Center for Imaging of Neurodegenerative Diseases (114M), San Francisco Veterans Administration Medical Center, San Francisco, California 94121, USA.
J Stud Alcohol Drugs. 2010 Mar;71(2):278-89. doi: 10.15288/jsad.2010.71.278.
This study compared baseline metabolite levels in components of the brain reward system among individuals who remained abstinent and those who resumed hazardous alcohol consumption after treatment for alcohol dependence.
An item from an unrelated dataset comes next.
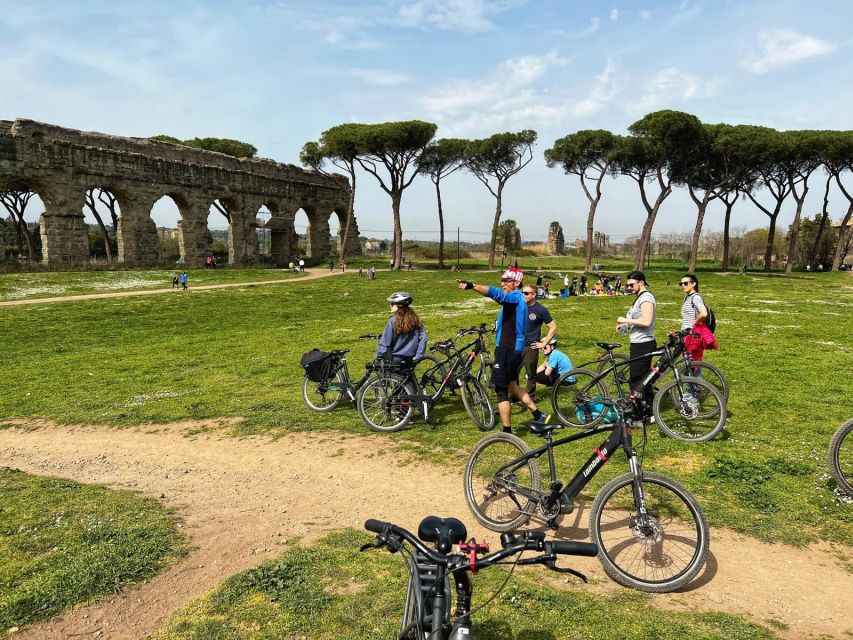 Rome: Appian Way E-Bike Tour Catacombs, Aqueducts & Picnic - Going underground at the catacombs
Fifty-one treatment-seeking alcohol-dependent individuals (abstinent for approximately 7 days [SD = 3]) and 26 light-drinking nonsmoking controls completed 1.5-T proton magnetic resonance spectroscopic imaging, yielding regional concentrations of N-acetylaspartate, choline-containing compounds, creatine-containing compounds, and myoinositol. Metabolite levels were obtained in the following component of the brain reward system: dorsolateral prefrontal cortex, anterior cingulate cortex, insula, superior corona radiata, and cerebellar vermis. Alcohol-dependent participants were followed over a 12-month period after baseline study (i.e., at 7 days of abstinence [SD = 3]) and were classified as abstainers (no alcohol consumption; n = 18) and resumers (any alcohol consumption; n = 33) at follow-up. Baseline metabolite levels in abstainers and resumers and light-drinking nonsmoking controls were compared in the above regions of interest.
Resumers demonstrated significantly lower baseline N-acetylaspartate concentrations than light-drinking nonsmoking controls and abstainers in all regions of interest. Resumers also exhibited lower creatine-containing-compound concentrations than abstainers in the dorsolateral prefrontal cortex, superior corona radiata, and cerebellar vermis. Abstainers did not differ from light-drinking nonsmoking controls on baseline metabolite concentrations in any region of interest.
The significantly decreased N-acetylaspartate and creatine-containing-compound concentrations in resumers suggest compromised neuronal integrity and abnormalities in cellular bioenergetics in major neocortical components and white-matter interconnectivity of the brain reward pathway. The lack of metabolite differences between abstainers and light-drinking nonsmoking controls suggests premorbid factors potentially contributed to the baseline brain metabolite abnormalities observed in resumers.
本研究比较了酒精依赖治疗后继续戒酒和重新开始危险饮酒个体的大脑奖励系统各成分的基线代谢物水平。
51 名寻求治疗的酒精依赖个体(戒酒约 7 天[SD=3])和 26 名轻度饮酒不吸烟的对照者完成了 1.5-T 质子磁共振波谱成像,得出了 N-乙酰天冬氨酸、含胆碱化合物、肌酸化合物和肌醇的区域浓度。在大脑奖励系统的以下组成部分中获得了代谢物水平:背外侧前额叶皮质、前扣带皮质、脑岛、上放射冠和小脑蚓部。在基线研究后(即,在戒酒的第 7 天[SD=3])对酒精依赖参与者进行了为期 12 个月的随访,并在随访时将他们分类为戒酒者(无饮酒;n=18)和重新饮酒者(任何饮酒;n=33)。在上述感兴趣区域比较了戒酒者和重新饮酒者以及轻度饮酒不吸烟者对照者的基线代谢物水平。
重新饮酒者在所有感兴趣区域的基线 N-乙酰天冬氨酸浓度均显著低于轻度饮酒不吸烟者对照者和戒酒者。重新饮酒者在背外侧前额叶皮质、上放射冠和小脑蚓部的肌酸化合物浓度也低于戒酒者。戒酒者在任何感兴趣区域的基线代谢物浓度均与轻度饮酒不吸烟者对照者无差异。
重新饮酒者的 N-乙酰天冬氨酸和肌酸化合物浓度显著降低,表明大脑奖励通路的主要新皮质成分和白质连接的神经元完整性受损和细胞能量代谢异常。戒酒者与轻度饮酒不吸烟者对照者之间代谢物差异缺乏表明,发病前因素可能导致重新饮酒者观察到的基线大脑代谢物异常。